• [WHAT YOU SHOULD DO]: Give the records again. Keep them exact and leave out the images.

----- MATERIAL PROVIDED -----

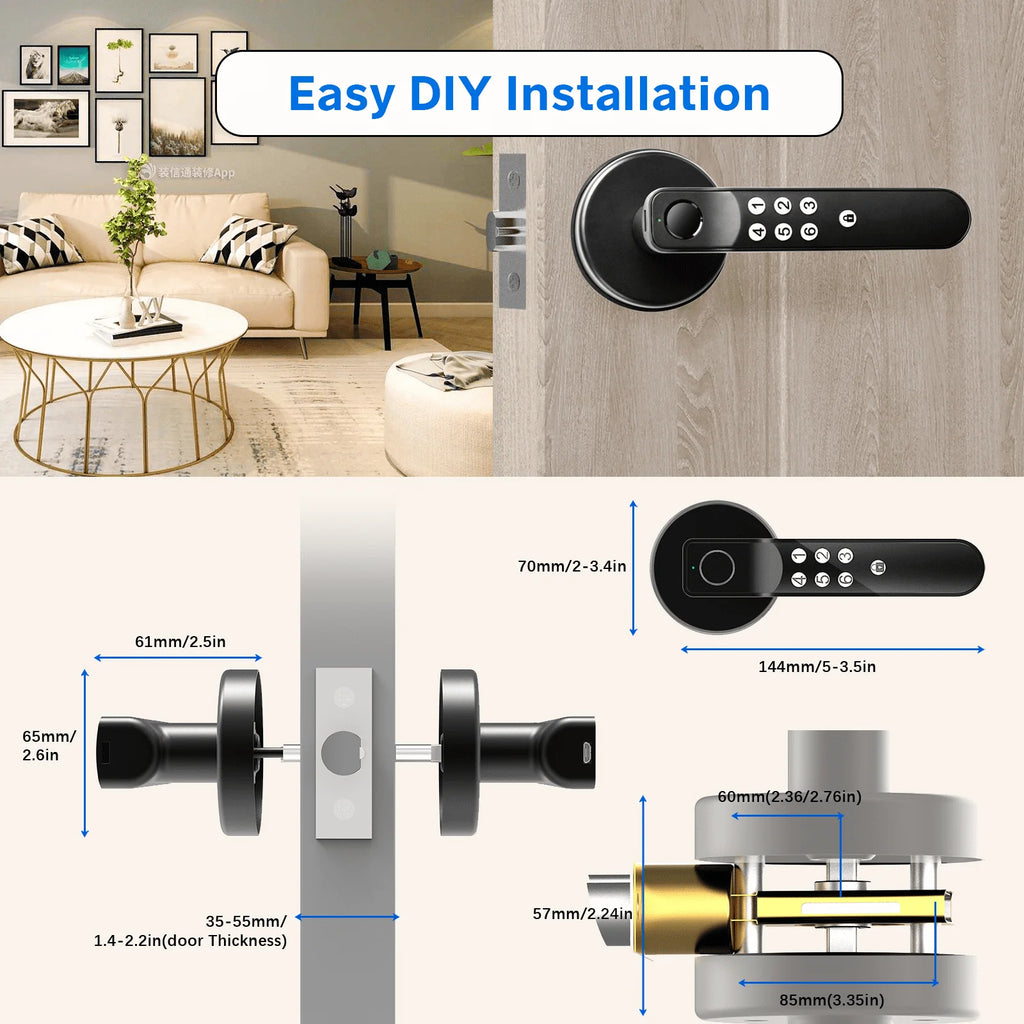 Fingerprint Keyless Entry Door Lock with Keypad E461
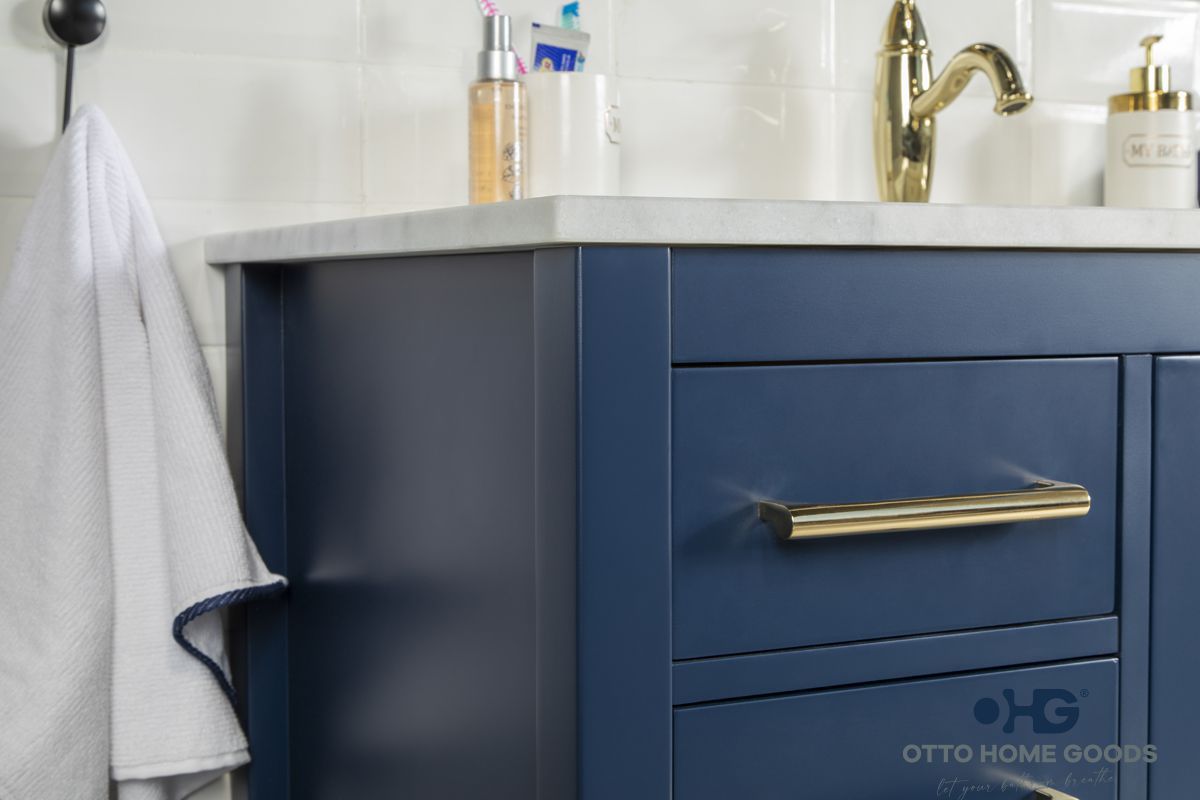 Ashley 42" Navy Blue Bathroom Vanity with Quartz Top & Gold Hardware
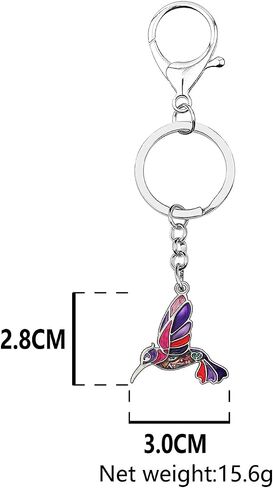 BONSNY Enamel Metal Hummingbird Key chains For Women Girls Gifts Car Purse Birds Pendant Charms in Kuwait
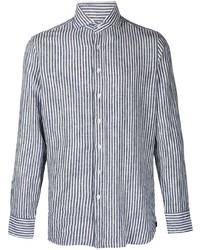 weißes und dunkelblaues vertikal gestreiftes Langarmhemd von Lardini
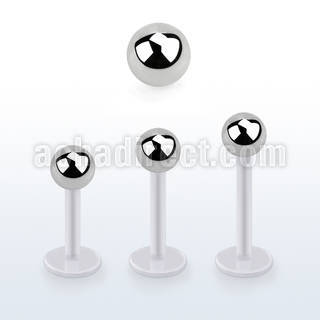 albb5 bio  flex labret, 16g (1.2mm) with a 5mm steel ball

-----

• [SOLVED EXERCISE]:
 Fingerprint Keyless Entry Door Lock with Keypad E461
 Ashley 42" Navy Blue Bathroom Vanity with Quartz Top & Gold Hardware
 BONSNY Enamel Metal Hummingbird Key chains For Women Girls Gifts Car Purse Birds Pendant Charms in Kuwait
 weißes und dunkelblaues vertikal gestreiftes Langarmhemd von Lardini
 albb5 bio  flex labret, 16g (1.2mm) with a 5mm steel ball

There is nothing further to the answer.